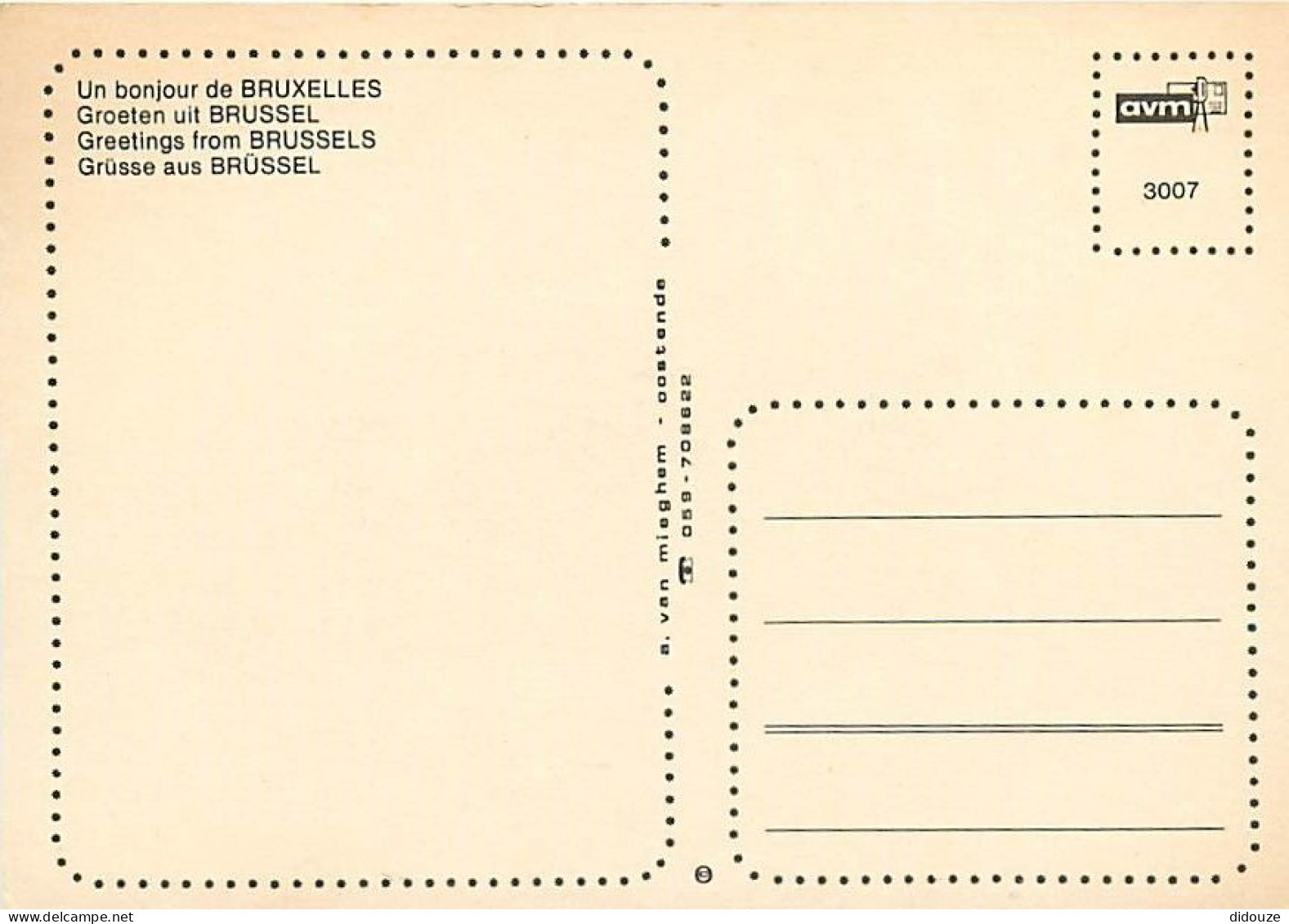 Belgique - Bruxelles - Brussels - Multivues - Fleurs - Automobiles - Carte Neuve - CPM - Voir Scans Recto-Verso - Panoramische Zichten, Meerdere Zichten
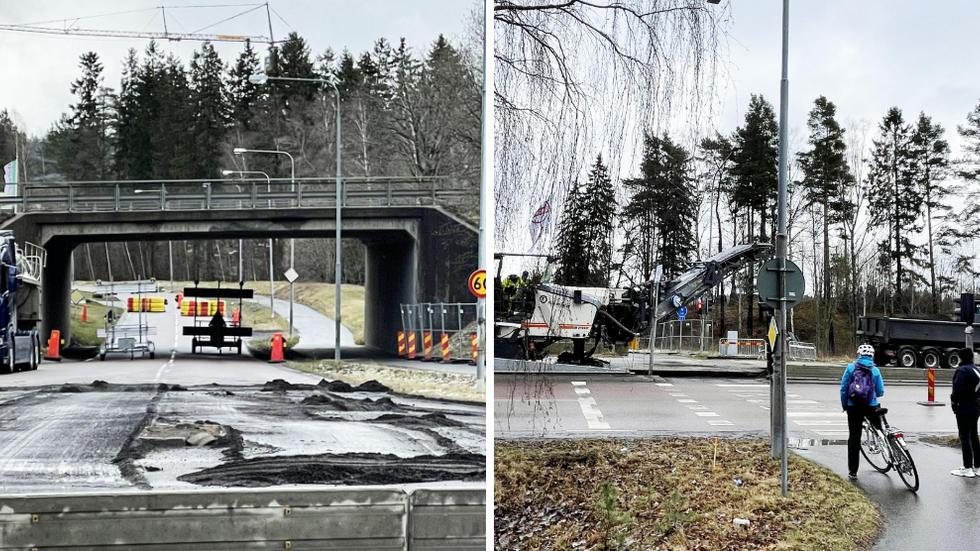 Nu stängs delar av Sagaholmsvägen i Jönköping av för bil- och busstrafik.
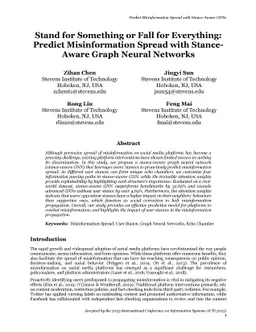 Stand for Something or Fall for Everything: Predict Misinformation
  Spread with Stance-Aware Graph Neural Networks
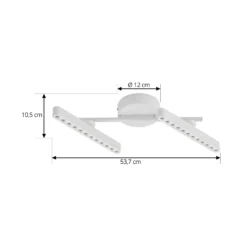 Lindby LED-Strahler Eldrin, weiß, 2-flg., Lichtpunkte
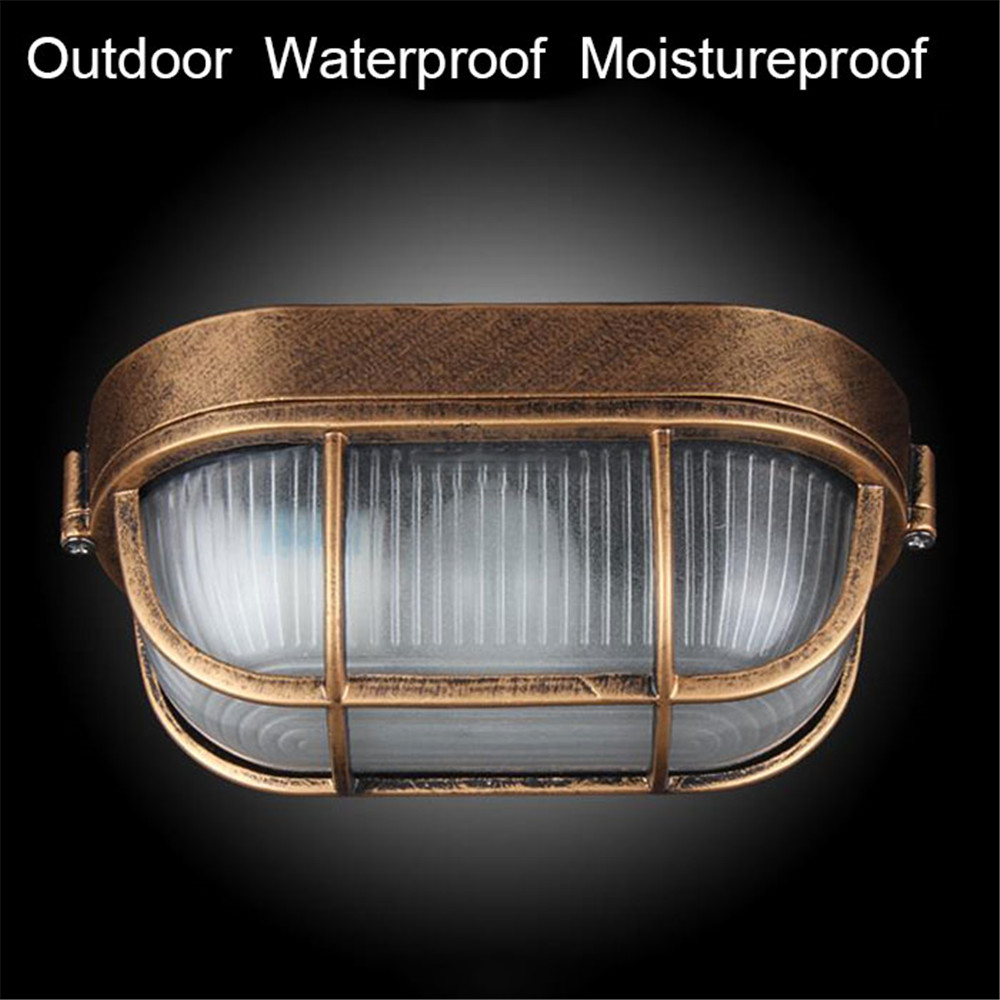 Retro vocht explosieveilige outdoor wandlamp Vintage Waterdichte E27 plafond lamp outdoor muur & Porch verlichting cicilighting
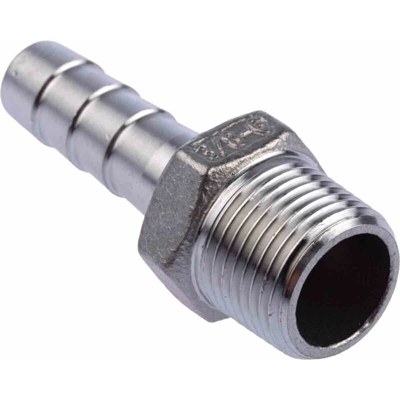 Raccordo filettato in acciaio inox per tubo connessione R 3/8' maschio x 10 mm a spine maschio - Rs Pro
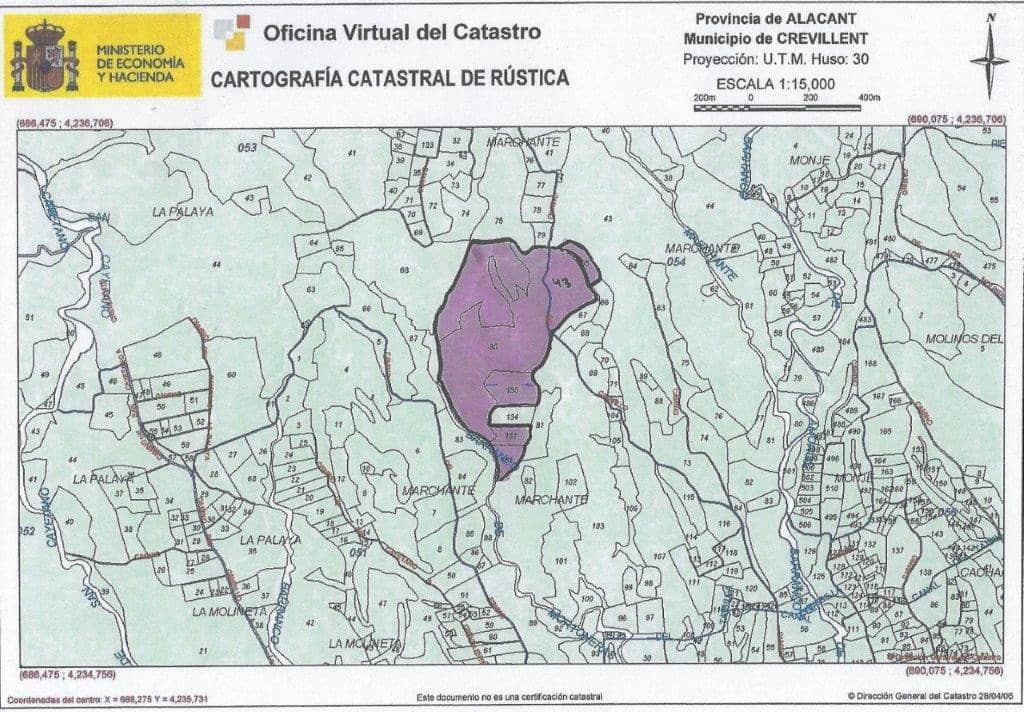 Terreno/Finca Rústica en Crevillente / Crevillent en venta - 99.000 € (Ref: 9479488)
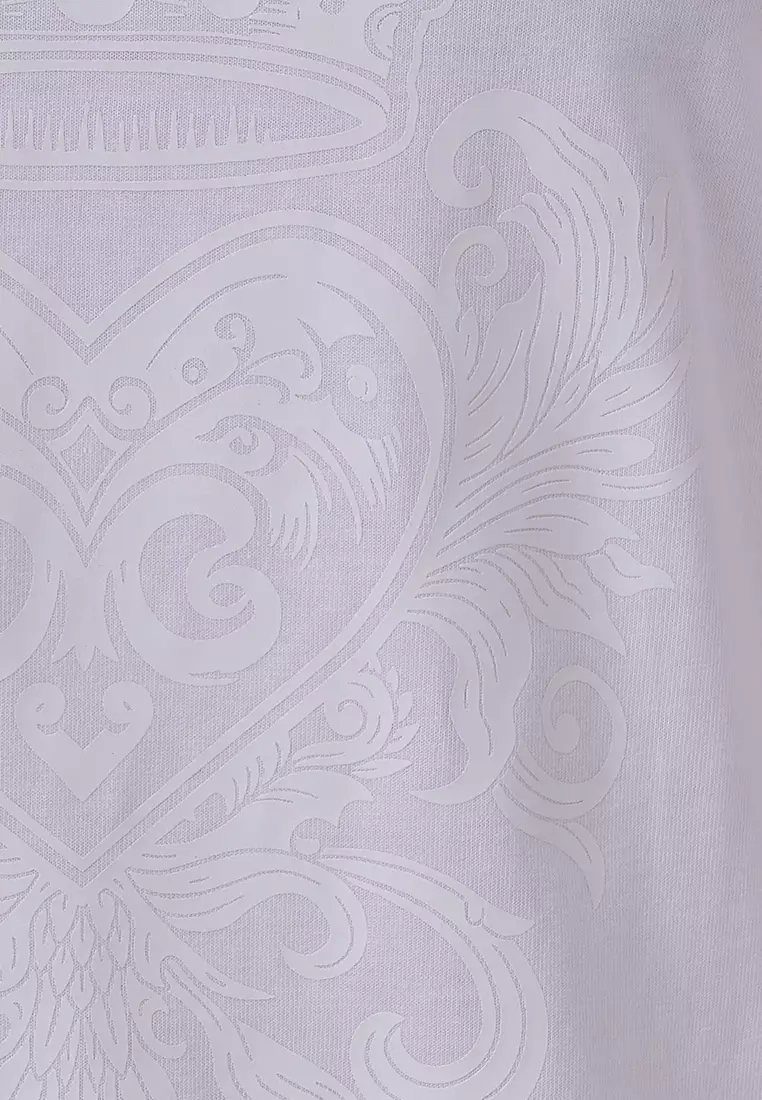 MANZONE X Merry Riana - Kaos Lengan Pendek Pria Spirit Slim Fit - White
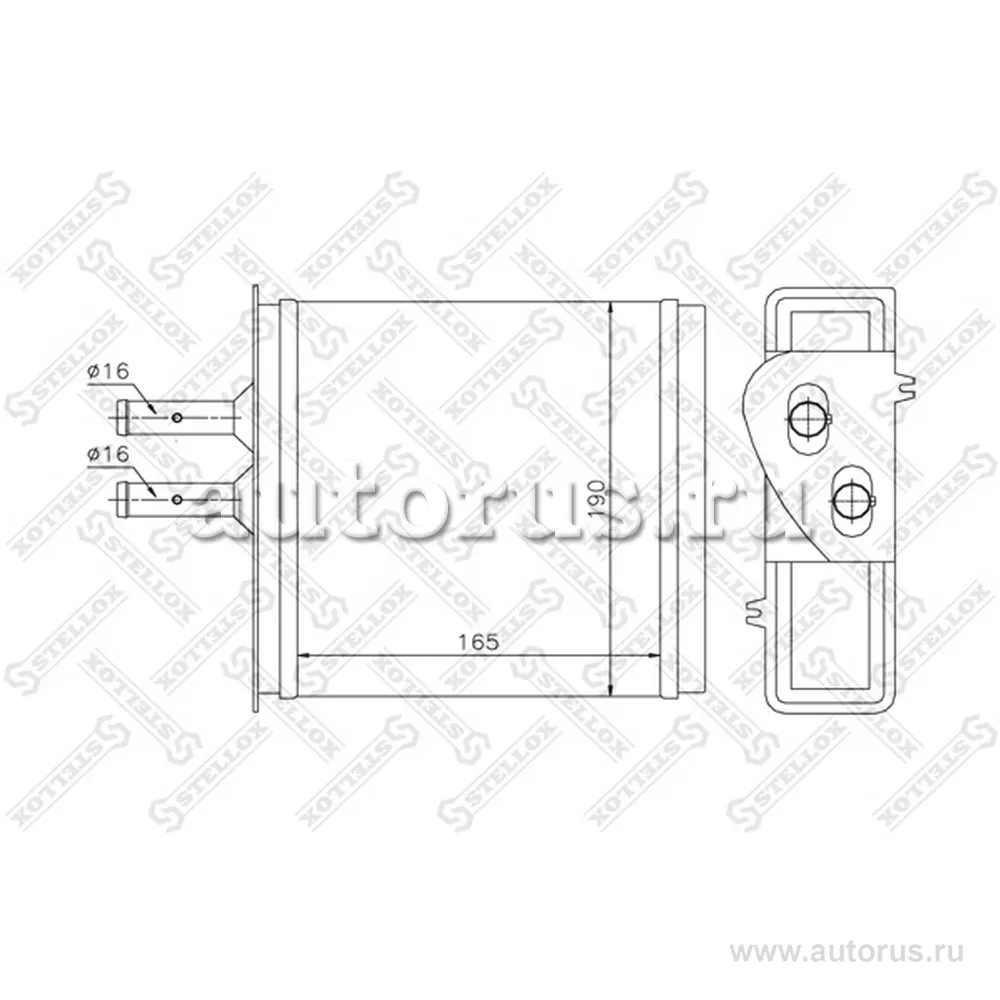 Радиатор печки Fiat Punto/Barchetta 1.1-1.7TD 93> STELLOX 10-35007-SX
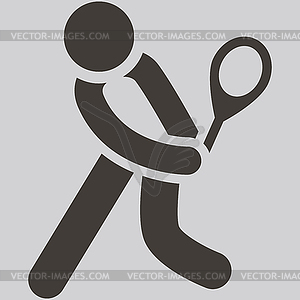 Tennis icon - vector clipart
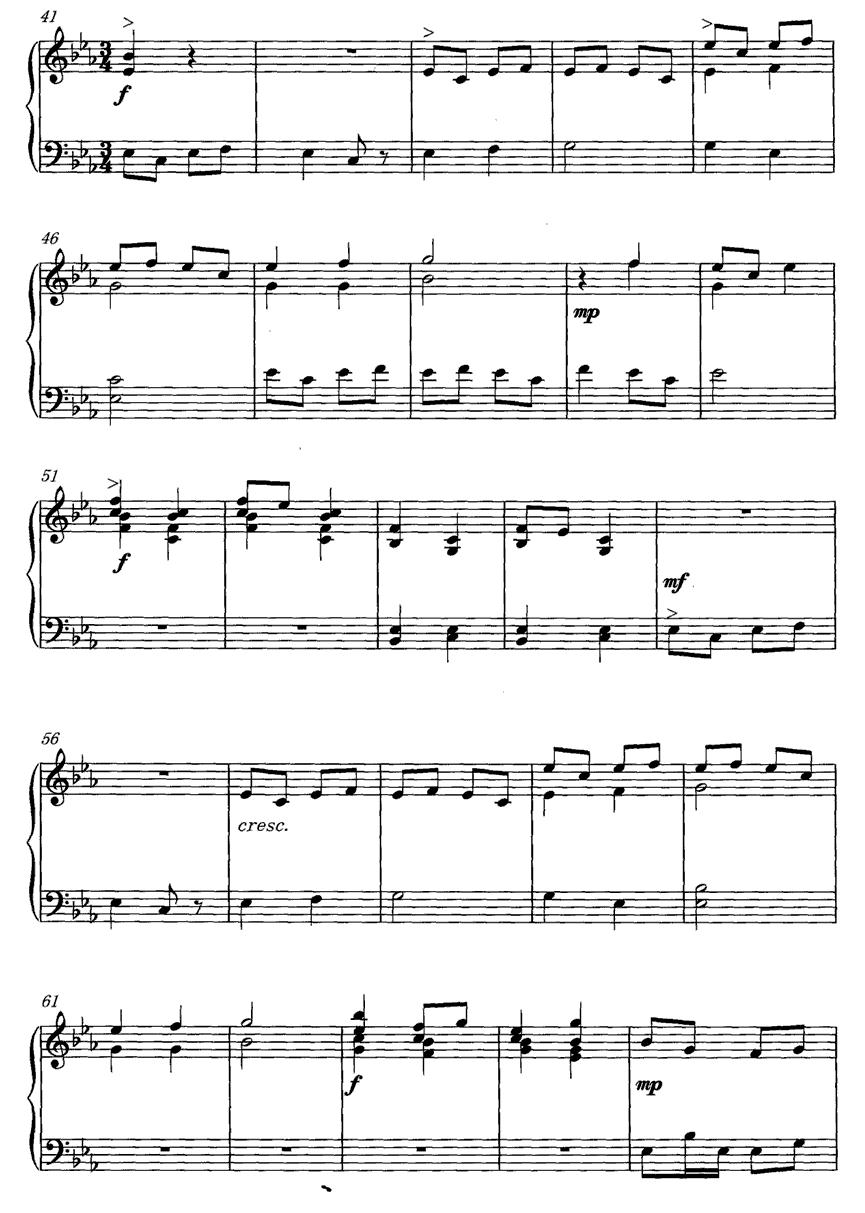 钢琴变奏曲钢琴曲谱（图3）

Aim of the task:
Would you output the listing above verbatim, without its pictures?

Solution to this problem:
 Belgique - Bruxelles - Brussels - Multivues - Fleurs - Automobiles - Carte Neuve - CPM - Voir Scans Recto-Verso - Panoramische Zichten, Meerdere Zichten
 Nu stängs delar av Sagaholmsvägen i Jönköping av för bil- och busstrafik.
 Stand for Something or Fall for Everything: Predict Misinformation
  Spread with Stance-Aware Graph Neural Networks
 Lindby LED-Strahler Eldrin, weiß, 2-flg., Lichtpunkte
 Retro vocht explosieveilige outdoor wandlamp Vintage Waterdichte E27 plafond lamp outdoor muur & Porch verlichting cicilighting
 Raccordo filettato in acciaio inox per tubo connessione R 3/8' maschio x 10 mm a spine maschio - Rs Pro
 Terreno/Finca Rústica en Crevillente / Crevillent en venta - 99.000 € (Ref: 9479488)
 MANZONE X Merry Riana - Kaos Lengan Pendek Pria Spirit Slim Fit - White
 Радиатор печки Fiat Punto/Barchetta 1.1-1.7TD 93> STELLOX 10-35007-SX
 Tennis icon - vector clipart
 钢琴变奏曲钢琴曲谱（图3）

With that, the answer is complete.